I've never understood why he did everything possible to keep that from
being brought before the longshore union. He was annoyed at everyone that was
involved in it. I've often tried to figure that out and the only thing
that I can think of is that Bridges was still in great danger of being
deported. I think he thought it detracted attention away from the efforts to
defend him, or maybe he thought that it was prejudicial to his case. Ray Becker
didn't represent a major up-to-date struggle on the labor front, which
Bridges' case did. [Ray Becker was released a year and a half after the
attempts to deport Bridges began.]
Sometimes
there's a conflict between the needs of the whole and what an individual
needs. I didn't used to have enough intellectual muscle to grasp that,
but I can grasp it now; though I'm sure I would never have changed my
position on any of these matters. But I can see now how some people I was very
annoyed with at the time, why they took a different position.
Congress
adopted the Smith Act in 1940, making it a crime to teach, advocate, or
encourage the overthrow of the U.S. government or to organize or be a member of
any group or society devoted to such advocacy. The first to be tried under the
act were members of the Socialist Workers Party in Minnesota in 1943. A trial
in New York of the top leadership of the Communist Party followed in 1949.
After their conviction was upheld by the Supreme Court in 1951, other Communist
leaders were also arrested, tried, and imprisoned. Julia got involved when the
trial touched the ILWU.
When
the top hierarchy in the Communist Party was on trial in New York, one of the
voluntary attorneys was the Longshore attorney from San Francisco [Richard
Gladstein]. The judge sentenced all of those attorneys to jail for contempt of
court on some trumped-up charge.[vii]
You
couldn't very well call up people and say, "What do you think of
the Smith Act trial?” because people were so petrified over the Smith Act
trials they couldn't think straight, so I started calling up ministers
and asking them what they thought about the conviction of attorneys defending the
damned. One minister, who said he thought that every person, irregardless of
who they were, had a right to be defended in court, volunteered to write a
statement. It was very good. In fact, it was excellent. I got three other of
the top-line ministers to sign it.
The
minister of the First Unitarian Church wouldn't sign it, Dr. [Richard M.]
Steiner.
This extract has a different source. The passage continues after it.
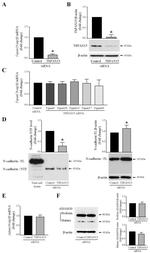 TSPAN15 Antibody in Western Blot (WB)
Well, my mother was quite active in that church, so I was stunned,
absolutely stunned. In fact, we got into quite an argument and he hung up on
me. The head of the Congregational Church and First Christian and Presbyterian
Church did sign it. But Dr. Steiner wouldn't.
I
got to thinking what I could do next, so I started calling up other people and
I called up the man, I can't think of his name, but he was the board
chairman at the First National Bank. I read this statement to him and he
endorsed it.
He
was the leading layperson at the Unitarian church and a heavy contributor, so
then I got my mother to get Dr. Steiner on the phone 'cause I
didn't think he'd speak to me. Then she gave me the phone and I
said, "Maybe you'd be interested to know what so-and-so
said.” He hung up on me again.
I
wrote some stories for the People's World and for the Federated Press and I
sent a copy of the letter with the signatures. I sent a copy of it to the ILWU
attorney who had been thrown in the clink.
During
the many years Julia was associated with the ILWU, she was loyal but not
uncritical. She was particularly troubled by racial discrimination within Local
8.
There
are three classifications of workers on the waterfront: Class A longshoremen
are fully registered and are the only workers eligible to be members of the
union. Class B longshoremen are partially registered and are called to work
after all the class A men have been placed. Their position is somewhat
analogous to an apprentice. Casuals, or "white cards,” have no
official standing. Technically a "white card” is issued to any man
asking for one on a day when there are no available A or B men when more
workers are needed.
During
World War II there was plenty of work on the waterfront and many casuals were
hired, including blacks, but when it came time to register the blacks, the vast
majority of Local 8 members objected. Still, there was a minority of Portland
longshoremen determined to integrate the local who tried to recruit volunteers
and worked with the NAACP and the Urban League to that end.
The
Urban League had recruited two men in November 1961. In December, after the
league negotiated with the union, the men got their "white cards”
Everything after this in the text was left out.